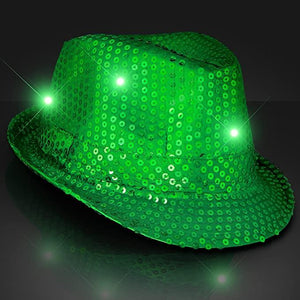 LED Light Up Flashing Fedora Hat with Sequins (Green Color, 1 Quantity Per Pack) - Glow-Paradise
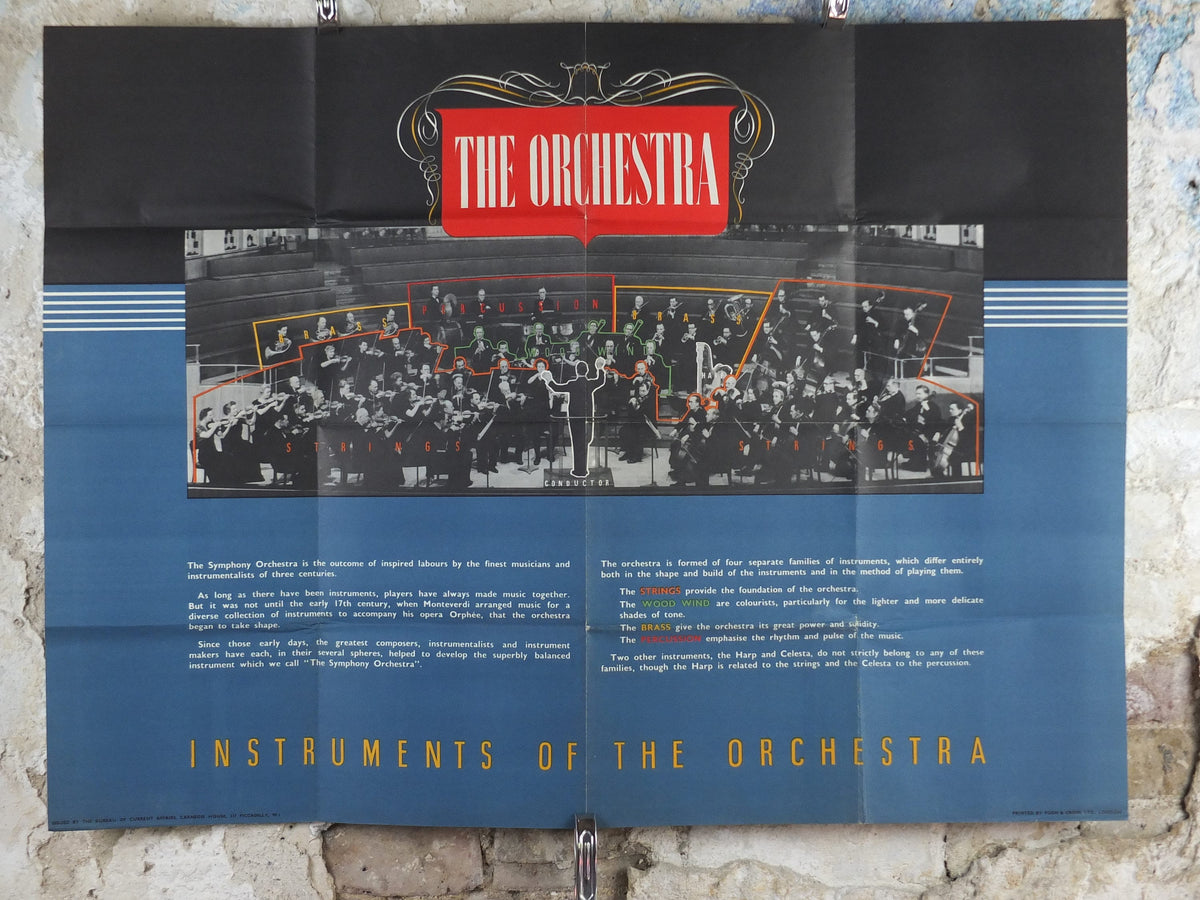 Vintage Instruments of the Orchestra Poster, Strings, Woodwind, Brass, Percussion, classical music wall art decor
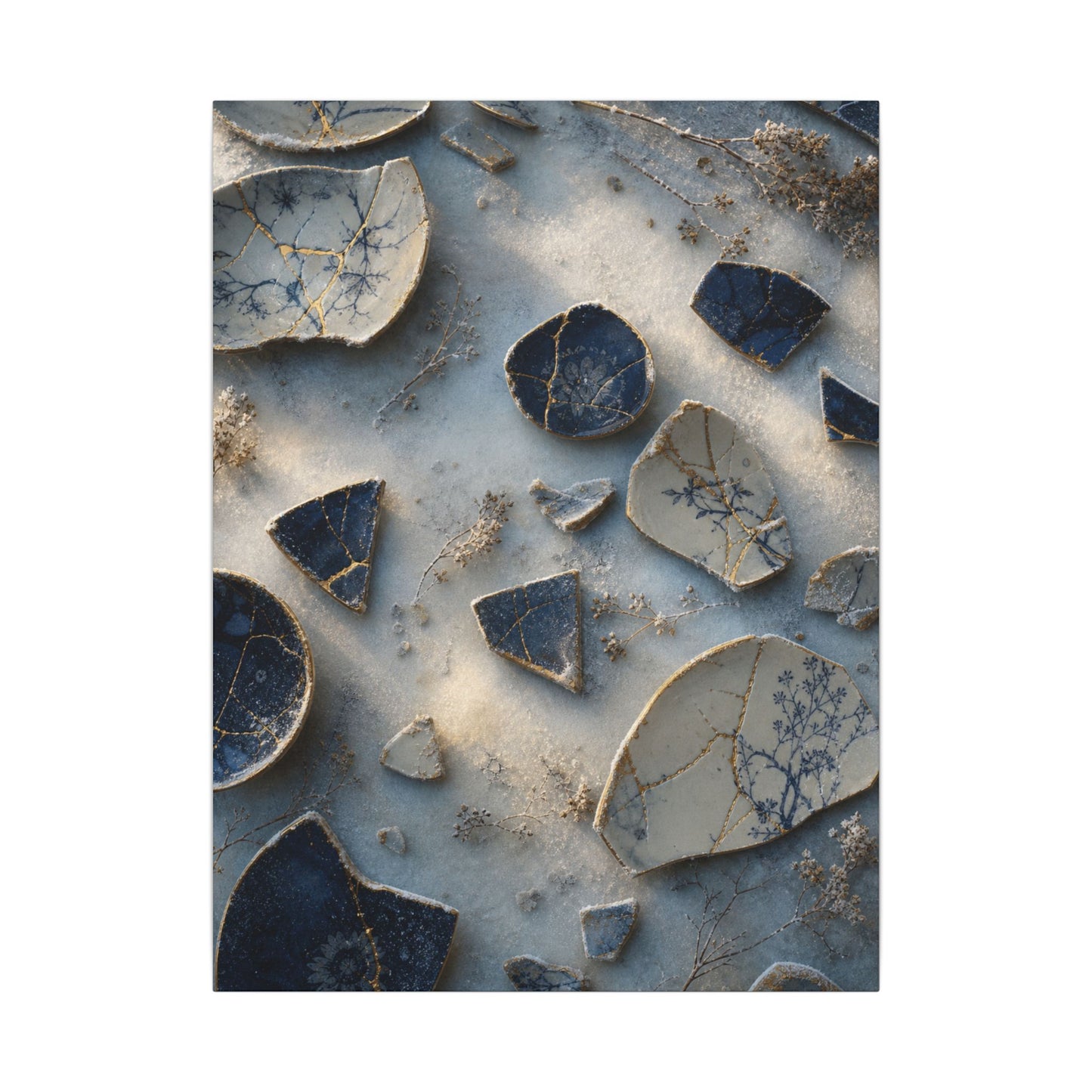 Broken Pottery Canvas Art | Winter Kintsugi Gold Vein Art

BRIEF:
An exact copy of the material above is required, minus its images.

FINISHED EXERCISE:
 LED Light Up Flashing Fedora Hat with Sequins (Green Color, 1 Quantity Per Pack) - Glow-Paradise
 Vintage Instruments of the Orchestra Poster, Strings, Woodwind, Brass, Percussion, classical music wall art decor
 Broken Pottery Canvas Art | Winter Kintsugi Gold Vein Art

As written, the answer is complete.